Therefore, each pre-training model added with noise disturbance is combined to generate similar positive sample corpora based on each fusion result in one first seed statement, and the same pre-training model is combined to generate similar negative sample corpora based on the fusion results generated by the seed statements in different fields, so that the similar negative sample corpora in the generated similar negative sample corpora group have obvious semantic difference, the generation process of the similar sample corpora is simplified, the generation efficiency of the similar sample corpora is improved, and effective similar sample corpora can be generated.

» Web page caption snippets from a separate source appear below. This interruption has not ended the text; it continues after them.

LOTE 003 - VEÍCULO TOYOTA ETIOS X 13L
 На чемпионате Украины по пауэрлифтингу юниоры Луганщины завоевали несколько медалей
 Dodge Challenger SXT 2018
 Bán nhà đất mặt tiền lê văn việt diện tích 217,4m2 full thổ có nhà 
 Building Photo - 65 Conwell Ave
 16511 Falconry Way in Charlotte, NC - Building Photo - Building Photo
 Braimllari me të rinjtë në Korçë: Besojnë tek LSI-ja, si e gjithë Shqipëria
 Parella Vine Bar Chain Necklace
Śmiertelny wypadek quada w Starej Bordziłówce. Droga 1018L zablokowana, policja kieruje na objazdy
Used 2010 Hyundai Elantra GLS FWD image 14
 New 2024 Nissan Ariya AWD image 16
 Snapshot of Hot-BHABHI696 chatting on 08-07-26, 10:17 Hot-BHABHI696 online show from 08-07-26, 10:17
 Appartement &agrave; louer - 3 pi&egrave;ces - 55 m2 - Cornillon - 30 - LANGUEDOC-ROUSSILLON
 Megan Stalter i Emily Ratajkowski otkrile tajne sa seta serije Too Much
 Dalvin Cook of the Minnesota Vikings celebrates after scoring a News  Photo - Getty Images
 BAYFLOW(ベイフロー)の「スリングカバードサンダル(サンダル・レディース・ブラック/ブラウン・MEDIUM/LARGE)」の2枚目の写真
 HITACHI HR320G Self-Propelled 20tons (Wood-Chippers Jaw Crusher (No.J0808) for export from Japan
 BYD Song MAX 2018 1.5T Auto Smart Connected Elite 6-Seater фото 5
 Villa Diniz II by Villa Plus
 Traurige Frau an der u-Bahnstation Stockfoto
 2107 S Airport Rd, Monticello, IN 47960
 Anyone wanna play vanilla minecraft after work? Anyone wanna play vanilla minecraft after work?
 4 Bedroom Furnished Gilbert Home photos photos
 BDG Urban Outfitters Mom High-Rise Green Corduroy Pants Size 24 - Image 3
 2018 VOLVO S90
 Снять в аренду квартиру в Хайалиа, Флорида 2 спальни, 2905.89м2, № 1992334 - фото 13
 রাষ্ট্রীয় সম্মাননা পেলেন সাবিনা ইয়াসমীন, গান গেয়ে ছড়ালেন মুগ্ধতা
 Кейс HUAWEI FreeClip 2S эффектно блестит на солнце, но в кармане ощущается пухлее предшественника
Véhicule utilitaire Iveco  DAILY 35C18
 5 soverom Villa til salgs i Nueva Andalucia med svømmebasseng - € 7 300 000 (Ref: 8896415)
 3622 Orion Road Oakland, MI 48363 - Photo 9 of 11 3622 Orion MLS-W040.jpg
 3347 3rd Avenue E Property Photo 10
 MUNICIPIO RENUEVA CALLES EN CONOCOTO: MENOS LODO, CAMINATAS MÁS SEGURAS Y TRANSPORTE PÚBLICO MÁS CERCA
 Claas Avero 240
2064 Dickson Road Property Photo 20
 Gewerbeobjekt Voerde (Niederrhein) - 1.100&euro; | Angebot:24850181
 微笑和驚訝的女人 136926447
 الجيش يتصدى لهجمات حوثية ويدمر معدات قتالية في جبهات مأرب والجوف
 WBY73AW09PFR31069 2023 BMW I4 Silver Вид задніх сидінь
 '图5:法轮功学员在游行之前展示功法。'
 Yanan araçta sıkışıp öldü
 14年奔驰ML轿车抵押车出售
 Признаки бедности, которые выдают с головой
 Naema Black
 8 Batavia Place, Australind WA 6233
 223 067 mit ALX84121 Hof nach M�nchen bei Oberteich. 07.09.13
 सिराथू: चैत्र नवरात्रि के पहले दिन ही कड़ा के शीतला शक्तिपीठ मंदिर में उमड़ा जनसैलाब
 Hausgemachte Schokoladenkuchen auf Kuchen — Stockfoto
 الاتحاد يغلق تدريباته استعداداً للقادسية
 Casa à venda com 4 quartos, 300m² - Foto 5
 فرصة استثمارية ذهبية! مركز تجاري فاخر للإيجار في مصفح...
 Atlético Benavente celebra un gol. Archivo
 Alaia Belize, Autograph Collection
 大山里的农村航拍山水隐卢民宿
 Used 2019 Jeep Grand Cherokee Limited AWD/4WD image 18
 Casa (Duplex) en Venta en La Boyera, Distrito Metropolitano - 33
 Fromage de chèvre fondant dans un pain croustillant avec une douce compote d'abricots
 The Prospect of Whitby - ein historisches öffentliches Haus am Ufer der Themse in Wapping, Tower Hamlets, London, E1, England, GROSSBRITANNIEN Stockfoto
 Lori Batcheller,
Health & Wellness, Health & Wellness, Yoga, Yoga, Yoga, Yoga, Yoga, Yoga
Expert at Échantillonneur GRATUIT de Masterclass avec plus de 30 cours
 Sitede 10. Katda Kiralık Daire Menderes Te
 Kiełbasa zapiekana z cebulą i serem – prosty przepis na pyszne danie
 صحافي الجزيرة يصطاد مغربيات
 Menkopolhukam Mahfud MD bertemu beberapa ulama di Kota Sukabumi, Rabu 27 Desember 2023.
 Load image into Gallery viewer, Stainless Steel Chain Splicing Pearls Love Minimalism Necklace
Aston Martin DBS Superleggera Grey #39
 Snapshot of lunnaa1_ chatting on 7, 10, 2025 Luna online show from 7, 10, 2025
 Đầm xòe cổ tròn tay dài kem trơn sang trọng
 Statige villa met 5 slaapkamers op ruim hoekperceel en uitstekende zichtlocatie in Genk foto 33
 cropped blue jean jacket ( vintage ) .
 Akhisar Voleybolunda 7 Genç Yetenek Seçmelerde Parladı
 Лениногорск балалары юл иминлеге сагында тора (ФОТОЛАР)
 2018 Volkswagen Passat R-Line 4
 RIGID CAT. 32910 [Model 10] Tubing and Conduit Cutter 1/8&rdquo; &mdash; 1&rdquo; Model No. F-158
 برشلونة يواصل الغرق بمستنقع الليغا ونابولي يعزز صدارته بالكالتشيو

In summary, in the case that the pre-training model is a BERT model, according to the technical scheme of the present application, after building each BERT model with a different structure, in each perturbed BERT model, in an unsupervised pre-training process based on a first seed statement, a first fusion result is generated by weighting according to an output vector of each designated level, and each first fusion result can generate each group of similar positive sample corpora.

Based on the same inventive concept, referring to fig. 2, which is a schematic diagram of a logic structure of a similar sample corpus generating device in the embodiment of the present application, the similar sample corpus generating device 200 includes an obtaining unit 201, a constructing unit 202, a determining unit 203, and a generating unit 204, wherein,

an obtaining unit 201, configured to obtain a first seed sentence in a target field, and obtain second seed sentences in other fields except the target field, where the seed sentences include entity nouns in the field to which the seed sentences belong;

a constructing unit 202, configured to construct pre-training models each including multiple layers of coding networks, and input the first seed statement into each pre-training model to which noise disturbance is added, to obtain each first fusion result determined according to an output vector belonging to a coding network of a preset first class level in each pre-training model to which noise disturbance is added;

the determining unit 203 is configured to determine a target pre-training model in each pre-training model, and input each second seed statement into the target pre-training model respectively to obtain a second fusion result determined according to an output vector of a coding network belonging to a preset second class level in the target pre-training model;

the generating unit 204 is configured to generate each group of similar positive sample corpora according to each first fusion result, and generate each group of similar negative sample corpora according to each first fusion result and each second fusion result.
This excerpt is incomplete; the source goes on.